We had an long talk on this Wednesday, and it was clear that the topic has a lot of issues which are both technically challenging in an multidisciplinary fashion as well as there is a lot of results that could be game-changing when it comes to our understanding of our history.

The motivation for this collaboration is a lot related with my old desire of developing research associated with the new area of Cliodynamics, on which one of the most influential figures is Peter Turchin. Those who know me closely knows how his research program has been influential in shaping my worldview and for what we need in science in order to have an truly sustainable society, in an holistic and systemic view.

Having said that, the scientific inquire and its related need for falsifiability needs data for advancing or discarding hypothesis and models, and the main issue when testing cliodynamic models is mostly data issues, specially in the Brazilian context, where our readily available historical datasets have an quite short lifespan.

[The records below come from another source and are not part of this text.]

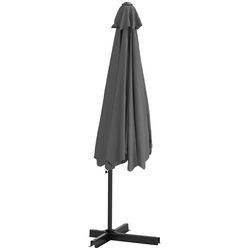 Umbrela de soare VidaXL 47314 (Anthracite) Thumb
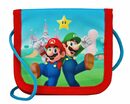 Bild 1 von UNDERCOVER Brustbeutel Super Mario Kinder Geldbeutel Portemonnaie Umhängetasche Brusttasche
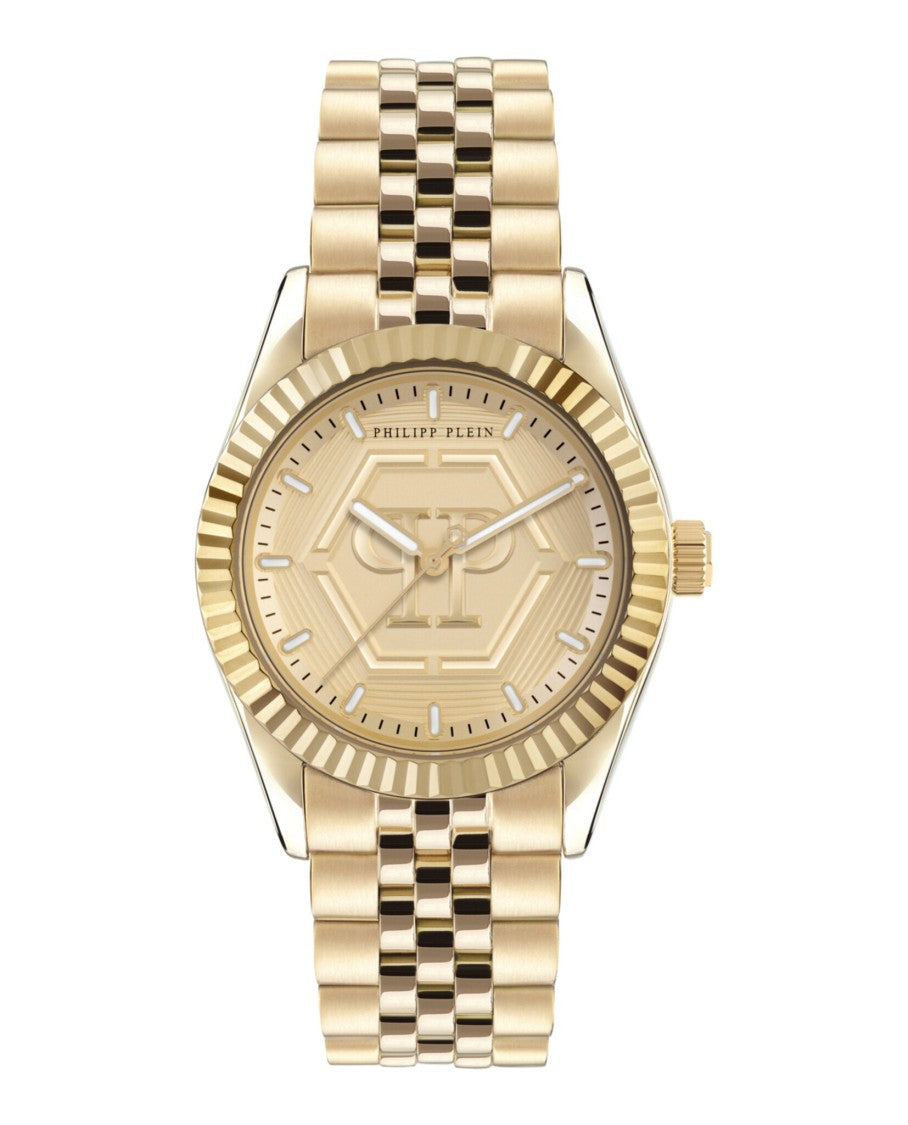 Philipp Plein Date Superlative Bracelet Watch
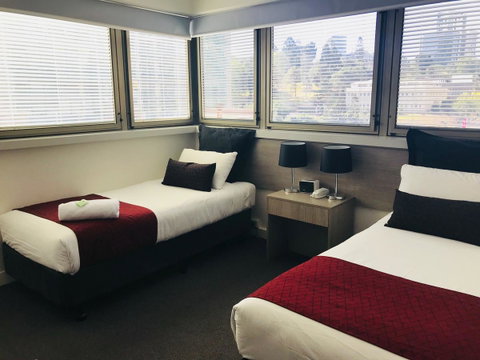 George Williams Hotel - Accommodation NSW 14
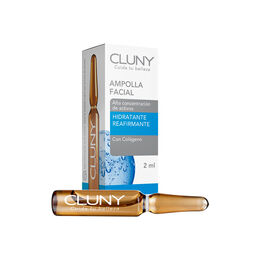 Cluny Ampolla Hidratante con Colágeno 2ml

Renato’s research then is about creating new historical datasets based on digitized and non-digitized archives. His main declared focus is to reconstruct the economical history of Brazil, but as Renato formation as a historian reveals, he has a lot of interest on reconstructing history in an rigorous and bias-free manner - which brings he to investigate the educational and social history in an quantitative manner too.

The sum of Renato’s programme and interests has made me conclude that an partnership with him could bring great dividends to the production of what I believe now that it could be the most meaningful knowledge for our future times, and I’m very happy to find him.

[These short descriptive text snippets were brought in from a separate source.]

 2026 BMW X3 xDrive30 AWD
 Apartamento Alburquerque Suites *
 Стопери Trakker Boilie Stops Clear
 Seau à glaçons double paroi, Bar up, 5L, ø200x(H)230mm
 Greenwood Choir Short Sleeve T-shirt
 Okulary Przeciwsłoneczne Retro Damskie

My first homework then is going to analyze the applicability of OCR to some digitized data which contains rich insights into Brazilian history: the Census of 1920 - the first one which contains info about the respondents color and wages. Self-explanatory.

Also, I’m going to do an exploratory study into 19th century Brazilians newspapers when it comes to word frequency. This kind of analysis is used a lot for extracting the “sentiment of the epoch”.